Short descriptive text snippets:
= Beginning of Section =
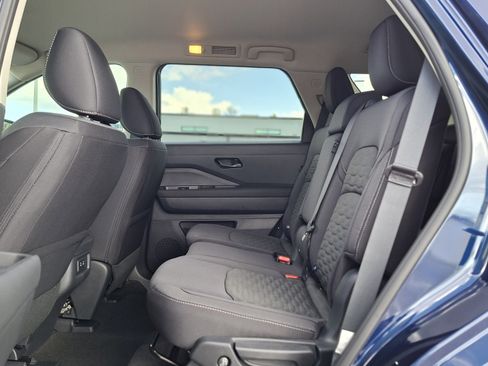 New 2026 Nissan Pathfinder SV image 15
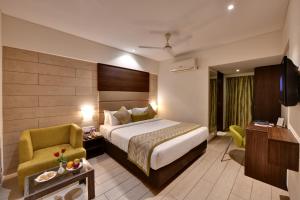 Click Hotel Vadodara 4 mins walk for the Railway Station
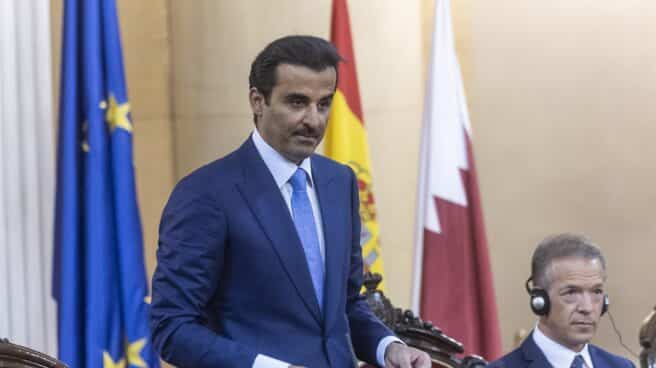 El emir de Qatar interviene en el Senado.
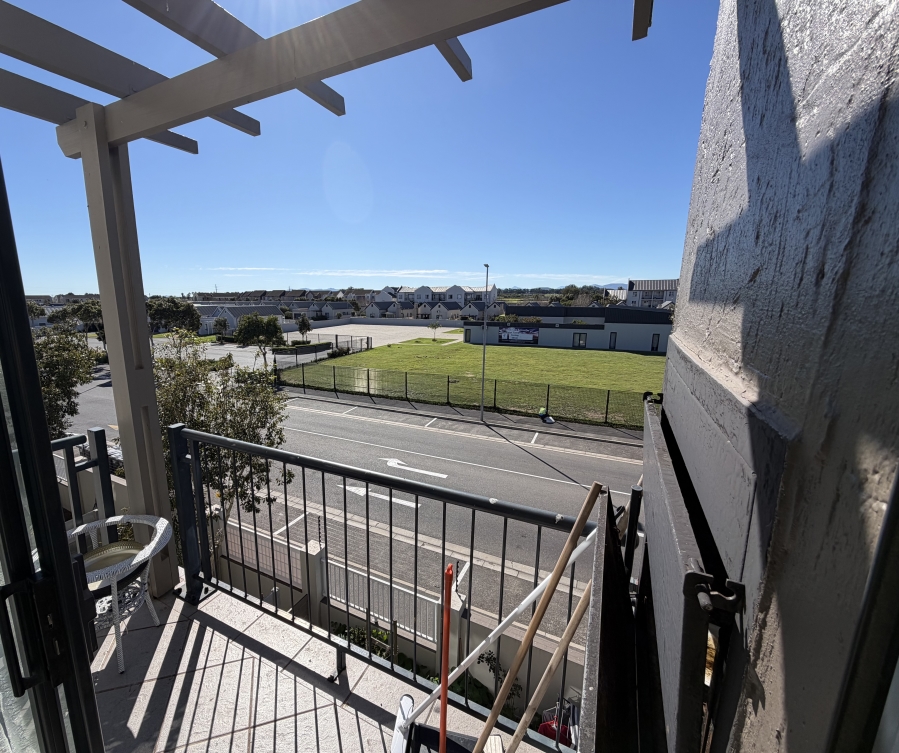 2 Bedroom Property for Sale in Buh Rein Estate Western Cape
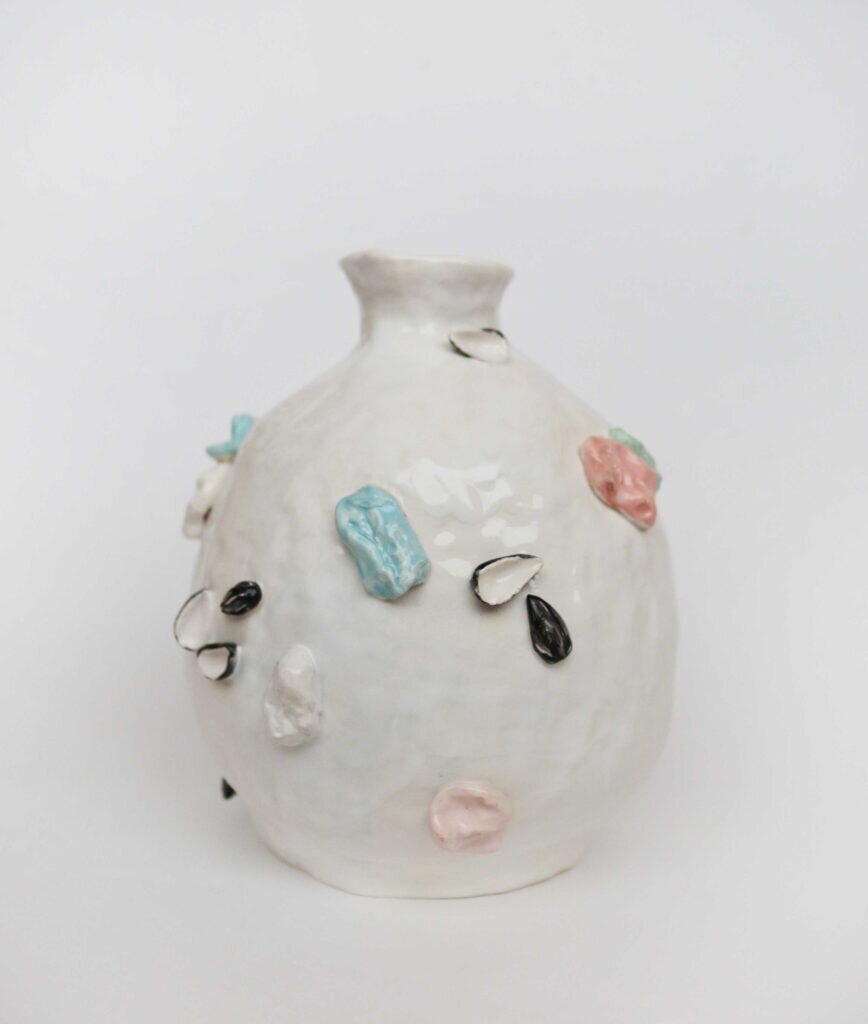 «Мусор из-под скамейки» (LotaLota, 2020, керамика, 0 × 16 × 16). Источник: Sample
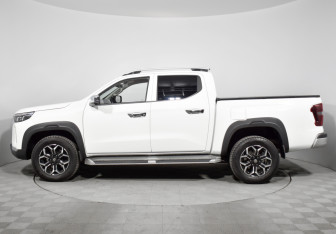 Подержанный автомобиль Changan Hunter Plus 2024 года (8 фото)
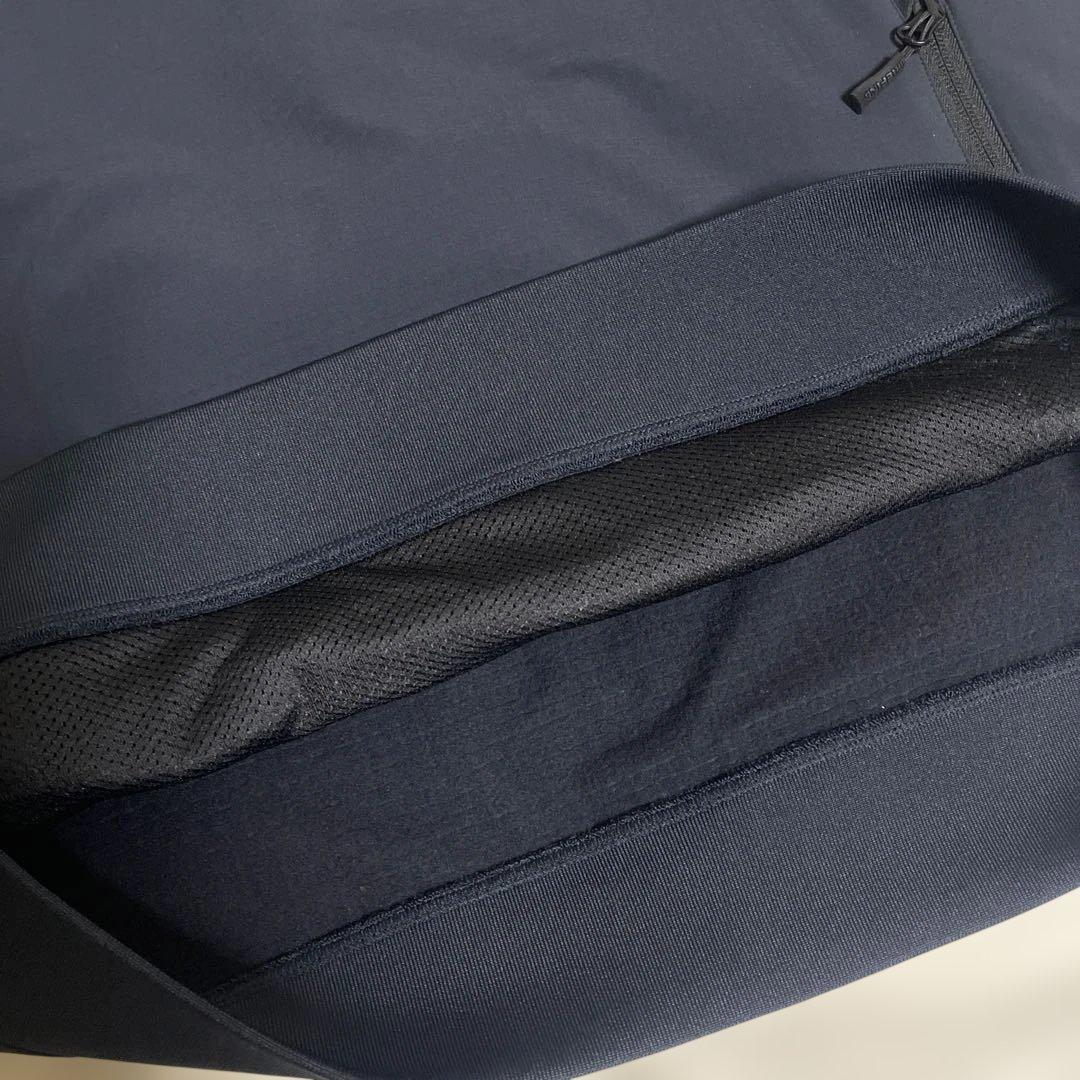 BRIEFING ストームフリース ハーフジップ　L ブラック新品タグ付き‼️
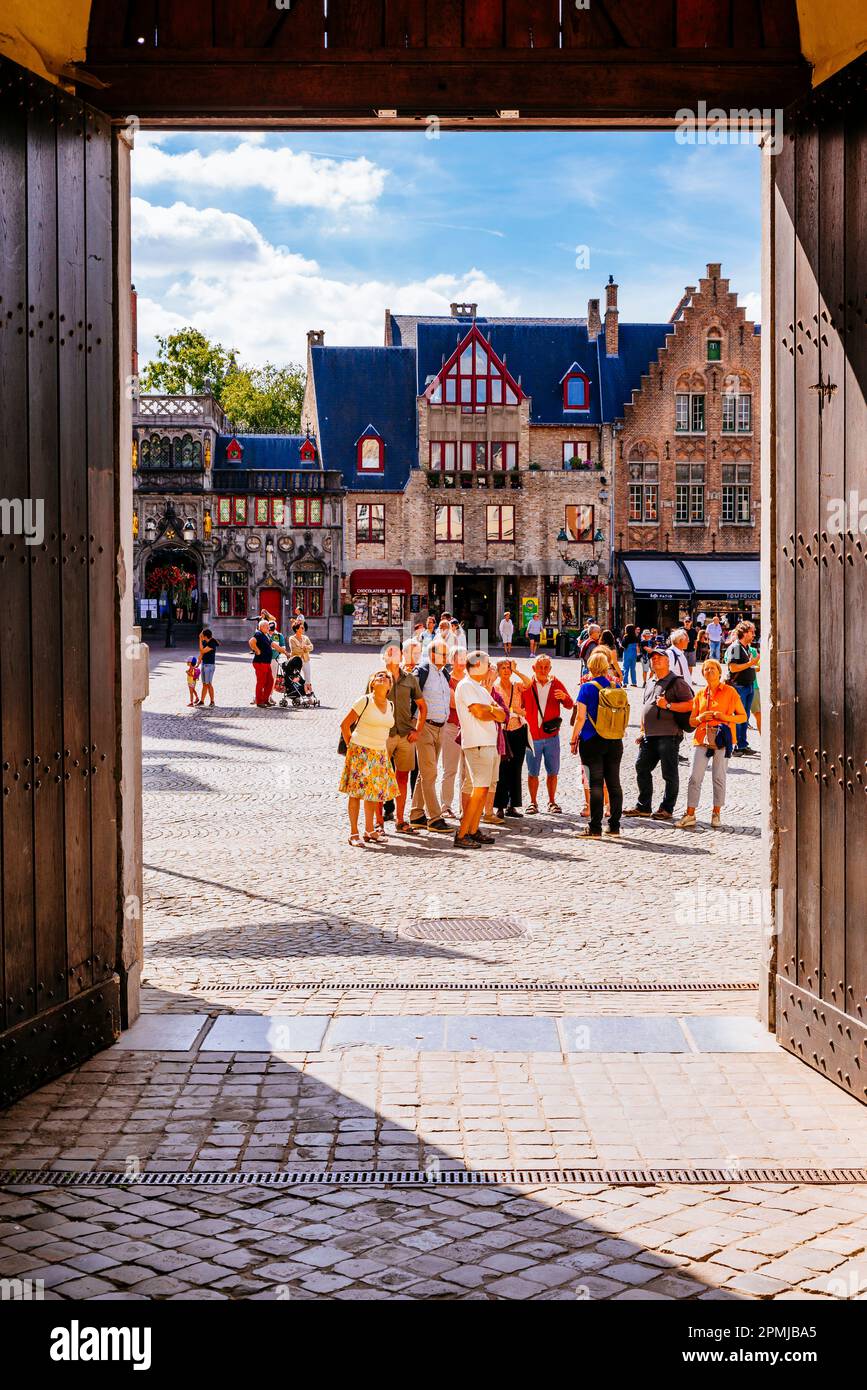 Der Burgplatz vom Innenhof des Brugse Vrije aus gesehen. Burg Square, Brügge, Westflandern, Belgien, Europa Stockfoto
= End of Section =
(Try it)
Each entry is to be returned as it stands, and each picture is to be left out.

(The completed task)
 New 2026 Nissan Pathfinder SV image 15
 Click Hotel Vadodara 4 mins walk for the Railway Station
 El emir de Qatar interviene en el Senado.
 2 Bedroom Property for Sale in Buh Rein Estate Western Cape
 «Мусор из-под скамейки» (LotaLota, 2020, керамика, 0 × 16 × 16). Источник: Sample
 Подержанный автомобиль Changan Hunter Plus 2024 года (8 фото)
 BRIEFING ストームフリース ハーフジップ　L ブラック新品タグ付き‼️
 Der Burgplatz vom Innenhof des Brugse Vrije aus gesehen. Burg Square, Brügge, Westflandern, Belgien, Europa Stockfoto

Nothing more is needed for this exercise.